Logo adiante do carvalhal, e antes de chegar ao cruzeiro
confinante ao adro, ficava a taberna. Eminente sobre a porta estava pendente o
ramalho verde de loureiro, que a viração fresca da tarde agitava, raspando-o
pelo cunhal da ombreira. Da frincha das portas mal cerradas saía para a
penumbra crepuscular exterior uma réstia de luz amarela, que se estendia pela
estrada até ao talude saibrento, que murava o caminho do outro lado.
O tio Ambrósio endireitou com a taberna, impeliu uma das portas, e
entrou.
Dentro, abancados em torno da mesa, estavam já os parceiros da
bisca. A taberneira, matrona de papeira, seio farto e braços arremangados,
assistia à conversa, sentada a um canto, com os cotovelos fincados no balcão.

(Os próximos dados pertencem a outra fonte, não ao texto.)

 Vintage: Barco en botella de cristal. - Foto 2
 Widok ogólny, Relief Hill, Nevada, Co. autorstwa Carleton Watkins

Junto dela dormia pachorrentamente um gato maltês, zebrado, encolhido sobre as
patas, como um novelo. À entrada de Ambrósio o gato ergueu repentinamente a
cabeça e abriu os olhos espantados; mas, depois, como a visita lhe não fosse
estranha, foi deixando, pouco a pouco, descair a cabeça, fechou os olhos, e
permaneceu na mesma posição, a ressonar.
Ao lado de cada freguês havia um copo de vinho; e a luz da
candeia, pendurada em cima, refrangendo-se na superfície do vidro, projetava,
em torno de cada copo, um círculo sanguíneo.
***
O tio Ambrósio de Candemil levava a vida airada a cantar e a
beber! Tinha já sessenta anos, cabelos brancos que nem uma estriga carada, voz
trêmula, nariz rubro e verrugoso; mas que lhe saísse a desafio a cachopa mais
palreira, que ele saltava logo:
Não sei que mal deu agora
Nas uvas do parreiral;
Faz-me cantar toda a noite,
Como os melros do olival.
E depois, com a jaqueta lançada ao ombro, o chapéu derrubado para
a nuca, ainda o Ambrósio cantava e foliava, como um rapagão de vinte anos.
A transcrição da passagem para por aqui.